Jika buku pertama dapat disimpulkan sebagai cerita yang berdiri sendiri, tidak demikian halnya dengan buku kedua yang kaitan-nya cukup erat dengan buku ketiga.  Bahkan misteri yang di bangun di buku kedua sebagian besar baru dapat dipecahkan di buku ketiga. Jadi buku kedua ini memang serba tanggung, dan agak aneh rasanya ada reviewer yang menganggap buku kedua lebih baik dari pertama kecuali sekitar 50 halaman terakhir buku kedua yang memang sangat menegangkan.  Saya jadi ingat trilogi “Lord of The Ring” nya Peter Jackson, saat orang menonton episode kedua, kritikus mengatakan sbb; “Rasanya ganjil ada  orang mau membayar untuk menonton Two Towers, sebuah film yang awalnya ada di film sebelumnya, sedangkan akhirnya tidak jelas sampai dengan film ketiga dibuat”.

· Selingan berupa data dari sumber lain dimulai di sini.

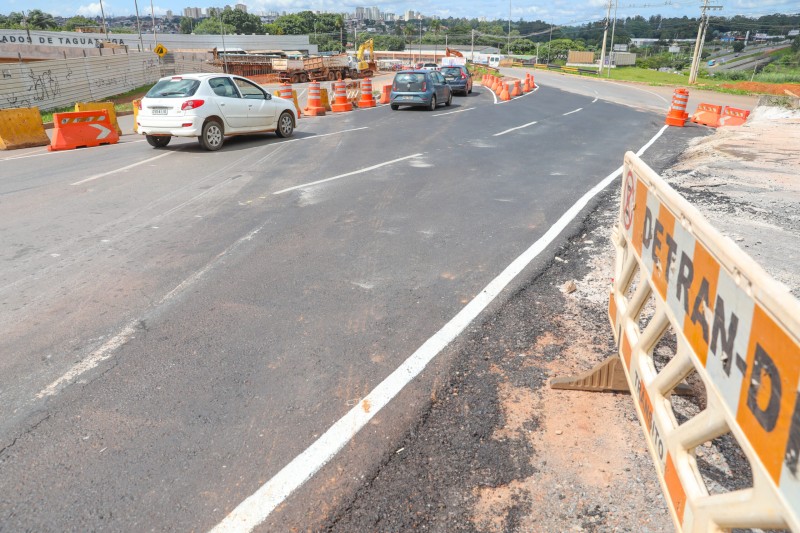 Desvio na marginal norte do Túnel de Taguatinga é liberado para uso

Tokoh2 yang ada dalam buku kedua ini masih Salander, Blomkvist, Erika, Palmgren, dll sedangkan di pihak lawan ada tokoh2 seperti Alexander Zalachenko (yang merupakan Ayah kandung sekaligus musuh Salander), dll. Seperti biasa Blomkvist lagi2 memamerkan “kelainan”-nya lagi2 berhubungan dengan Harriet Vanger si ahli waris Henrik Vanger, industrialis Swedia yang muncul di buku pertama. Begitu juga dengan Salander yang di awal cerita digambarkan keliling dunia namun juga tebar pesona sekaligus menikmati seorang bocah belasan tahun. Satu2nya tokoh yang terlihat normal adalah Jan Bublanski, inspektur polisi berdarah Yahudi, namun jika harus memilih tokoh normal lain-nya tentu saja Palmgren wali Salander sebelum Bjurman bisa dimasukkan. 

Kali ini Salander dan misteri terbunuh-nya pasangan Mia dan Dag, dimana Dag adalah salah satu kontributor Millenium, sedangkan istrinya Mia adalah seorang peneliti sekaligus kandidat Doktor mengenai human traficking di Swedia yang melibatkan Alexander Zalachenko yang ironis-nya di lindungi olah dinas khusus intelijen Swedia.  Namun korban lainnya juga akhirnya ditemukan, yaitu Bjurman, yang juga adalah wali Salander. Kesemua korban ini akhirnya menyeret Salander seakan akan sebagai pelaku tunggal dan diperkuat dengan latar belakang Salander yang kelam. Namun diantara tuduhan yang bertubi tubi, sebagian kecil orang termasuk Blomkvist tetap percaya bahwa Salander justru seorang korban, dan berusaha membuktikan dugaan mereka tsb.

Pada beberapa literatur yang saya baca, jadi lebih jelas kenapa karya Larsson cenderung terkesan “feminist”, ternyata hal ini dipicu oleh peristiwa dalam hidupnya saat melihat penganiayaan seksual dan brutal sekelompok gang pada seorang gadis. Penyesalan karena membiarkan hal itu terjadi, menyebabkan Larsson tak dapat melupakan-nya dan sekaligus seakan akan malam wisuda-nya sebagai seorang feminist atau pejuang hak2 wanita.